# Exercise:
Using the records below, give again exactly the lines from the line that contains "Hello, good morning, and" through the line that contains "If physics is found, the", both ends included, and only those.

Segment Open

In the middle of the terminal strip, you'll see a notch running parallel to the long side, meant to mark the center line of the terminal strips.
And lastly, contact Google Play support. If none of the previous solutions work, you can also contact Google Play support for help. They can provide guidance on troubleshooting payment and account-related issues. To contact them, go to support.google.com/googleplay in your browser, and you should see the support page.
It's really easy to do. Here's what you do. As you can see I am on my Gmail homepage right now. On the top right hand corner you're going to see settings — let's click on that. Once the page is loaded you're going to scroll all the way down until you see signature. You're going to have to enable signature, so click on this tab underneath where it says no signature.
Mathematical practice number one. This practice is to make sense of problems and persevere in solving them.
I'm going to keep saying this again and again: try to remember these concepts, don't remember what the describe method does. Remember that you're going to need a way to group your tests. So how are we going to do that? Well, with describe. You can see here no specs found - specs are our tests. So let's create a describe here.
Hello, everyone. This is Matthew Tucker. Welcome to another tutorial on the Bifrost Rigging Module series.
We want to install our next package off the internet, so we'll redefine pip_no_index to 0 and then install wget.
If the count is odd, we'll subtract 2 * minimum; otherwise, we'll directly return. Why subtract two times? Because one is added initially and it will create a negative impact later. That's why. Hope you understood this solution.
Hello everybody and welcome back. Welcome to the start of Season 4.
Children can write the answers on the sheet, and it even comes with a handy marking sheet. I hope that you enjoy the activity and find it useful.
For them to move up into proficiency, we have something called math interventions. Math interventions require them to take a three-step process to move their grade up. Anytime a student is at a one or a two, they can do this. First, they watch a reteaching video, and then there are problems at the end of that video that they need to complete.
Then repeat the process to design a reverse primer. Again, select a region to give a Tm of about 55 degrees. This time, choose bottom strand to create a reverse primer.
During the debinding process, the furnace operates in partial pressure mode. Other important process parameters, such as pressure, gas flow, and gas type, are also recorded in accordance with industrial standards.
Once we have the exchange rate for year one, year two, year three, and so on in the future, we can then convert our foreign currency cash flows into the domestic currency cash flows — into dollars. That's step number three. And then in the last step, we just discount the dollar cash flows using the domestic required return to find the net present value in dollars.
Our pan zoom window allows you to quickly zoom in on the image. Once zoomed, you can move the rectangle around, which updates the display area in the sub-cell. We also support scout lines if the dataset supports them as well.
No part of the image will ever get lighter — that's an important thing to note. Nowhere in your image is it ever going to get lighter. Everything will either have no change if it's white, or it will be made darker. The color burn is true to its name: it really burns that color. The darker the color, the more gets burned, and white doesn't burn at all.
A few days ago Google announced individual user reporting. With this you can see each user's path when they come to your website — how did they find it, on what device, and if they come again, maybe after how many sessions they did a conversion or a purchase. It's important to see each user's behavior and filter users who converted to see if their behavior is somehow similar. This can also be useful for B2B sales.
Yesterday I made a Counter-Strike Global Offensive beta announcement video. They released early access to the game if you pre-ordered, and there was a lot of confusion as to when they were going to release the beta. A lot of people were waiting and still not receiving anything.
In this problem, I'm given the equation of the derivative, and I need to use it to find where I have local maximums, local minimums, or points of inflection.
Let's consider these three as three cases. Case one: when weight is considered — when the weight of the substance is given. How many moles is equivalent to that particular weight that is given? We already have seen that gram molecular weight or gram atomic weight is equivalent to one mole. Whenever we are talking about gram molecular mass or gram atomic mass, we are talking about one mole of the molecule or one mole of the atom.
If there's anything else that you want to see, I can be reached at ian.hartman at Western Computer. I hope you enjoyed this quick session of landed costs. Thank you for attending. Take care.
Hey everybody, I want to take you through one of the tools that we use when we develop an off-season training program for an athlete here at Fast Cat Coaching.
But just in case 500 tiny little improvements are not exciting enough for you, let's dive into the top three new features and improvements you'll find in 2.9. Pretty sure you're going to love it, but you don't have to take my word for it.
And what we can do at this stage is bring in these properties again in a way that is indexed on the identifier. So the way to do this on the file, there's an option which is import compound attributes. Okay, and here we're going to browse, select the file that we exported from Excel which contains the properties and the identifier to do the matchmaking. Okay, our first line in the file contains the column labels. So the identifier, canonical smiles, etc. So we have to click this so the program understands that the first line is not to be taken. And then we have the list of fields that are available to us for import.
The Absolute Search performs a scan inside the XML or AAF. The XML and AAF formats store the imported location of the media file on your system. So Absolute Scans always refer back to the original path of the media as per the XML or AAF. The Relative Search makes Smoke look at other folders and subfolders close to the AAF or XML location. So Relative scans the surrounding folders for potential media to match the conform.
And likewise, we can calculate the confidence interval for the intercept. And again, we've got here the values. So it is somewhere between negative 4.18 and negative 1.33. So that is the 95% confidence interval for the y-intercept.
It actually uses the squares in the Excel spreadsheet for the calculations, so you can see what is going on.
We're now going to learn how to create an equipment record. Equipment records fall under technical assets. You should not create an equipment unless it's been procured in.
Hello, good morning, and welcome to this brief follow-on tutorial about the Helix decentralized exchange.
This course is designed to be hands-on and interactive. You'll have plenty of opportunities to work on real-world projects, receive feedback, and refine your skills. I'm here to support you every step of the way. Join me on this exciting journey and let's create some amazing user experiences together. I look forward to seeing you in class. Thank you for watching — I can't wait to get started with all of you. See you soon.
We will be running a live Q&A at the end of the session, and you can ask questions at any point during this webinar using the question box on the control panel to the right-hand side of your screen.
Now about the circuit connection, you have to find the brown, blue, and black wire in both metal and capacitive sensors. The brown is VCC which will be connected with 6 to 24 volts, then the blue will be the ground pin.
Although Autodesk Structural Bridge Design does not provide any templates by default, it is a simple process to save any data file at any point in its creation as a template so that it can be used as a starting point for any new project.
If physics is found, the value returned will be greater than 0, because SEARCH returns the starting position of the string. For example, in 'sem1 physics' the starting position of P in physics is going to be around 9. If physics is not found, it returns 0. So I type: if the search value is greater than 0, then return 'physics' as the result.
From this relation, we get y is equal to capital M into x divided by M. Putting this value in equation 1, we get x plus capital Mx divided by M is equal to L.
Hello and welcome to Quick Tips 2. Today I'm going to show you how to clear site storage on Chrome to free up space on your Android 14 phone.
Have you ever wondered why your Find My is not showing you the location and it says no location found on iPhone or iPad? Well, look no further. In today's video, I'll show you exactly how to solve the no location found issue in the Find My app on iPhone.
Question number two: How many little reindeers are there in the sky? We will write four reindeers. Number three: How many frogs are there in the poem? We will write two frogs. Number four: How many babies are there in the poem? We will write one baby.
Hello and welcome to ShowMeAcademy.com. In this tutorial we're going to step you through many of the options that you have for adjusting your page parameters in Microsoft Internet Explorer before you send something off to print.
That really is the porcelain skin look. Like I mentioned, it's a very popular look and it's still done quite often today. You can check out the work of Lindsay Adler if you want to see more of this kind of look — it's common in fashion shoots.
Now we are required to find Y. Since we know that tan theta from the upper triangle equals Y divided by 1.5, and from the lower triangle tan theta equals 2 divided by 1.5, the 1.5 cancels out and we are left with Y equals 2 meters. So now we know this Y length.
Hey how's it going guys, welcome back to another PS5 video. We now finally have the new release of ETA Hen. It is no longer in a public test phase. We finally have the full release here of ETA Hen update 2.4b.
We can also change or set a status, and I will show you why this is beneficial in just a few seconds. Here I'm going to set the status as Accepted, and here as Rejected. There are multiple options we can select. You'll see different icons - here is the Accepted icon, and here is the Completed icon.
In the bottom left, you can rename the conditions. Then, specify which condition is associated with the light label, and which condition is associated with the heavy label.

Segment Closed

# Exercise solution:
Hello, good morning, and welcome to this brief follow-on tutorial about the Helix decentralized exchange.
This course is designed to be hands-on and interactive. You'll have plenty of opportunities to work on real-world projects, receive feedback, and refine your skills. I'm here to support you every step of the way. Join me on this exciting journey and let's create some amazing user experiences together. I look forward to seeing you in class. Thank you for watching — I can't wait to get started with all of you. See you soon.
We will be running a live Q&A at the end of the session, and you can ask questions at any point during this webinar using the question box on the control panel to the right-hand side of your screen.
Now about the circuit connection, you have to find the brown, blue, and black wire in both metal and capacitive sensors. The brown is VCC which will be connected with 6 to 24 volts, then the blue will be the ground pin.
Although Autodesk Structural Bridge Design does not provide any templates by default, it is a simple process to save any data file at any point in its creation as a template so that it can be used as a starting point for any new project.
If physics is found, the value returned will be greater than 0, because SEARCH returns the starting position of the string. For example, in 'sem1 physics' the starting position of P in physics is going to be around 9. If physics is not found, it returns 0. So I type: if the search value is greater than 0, then return 'physics' as the result.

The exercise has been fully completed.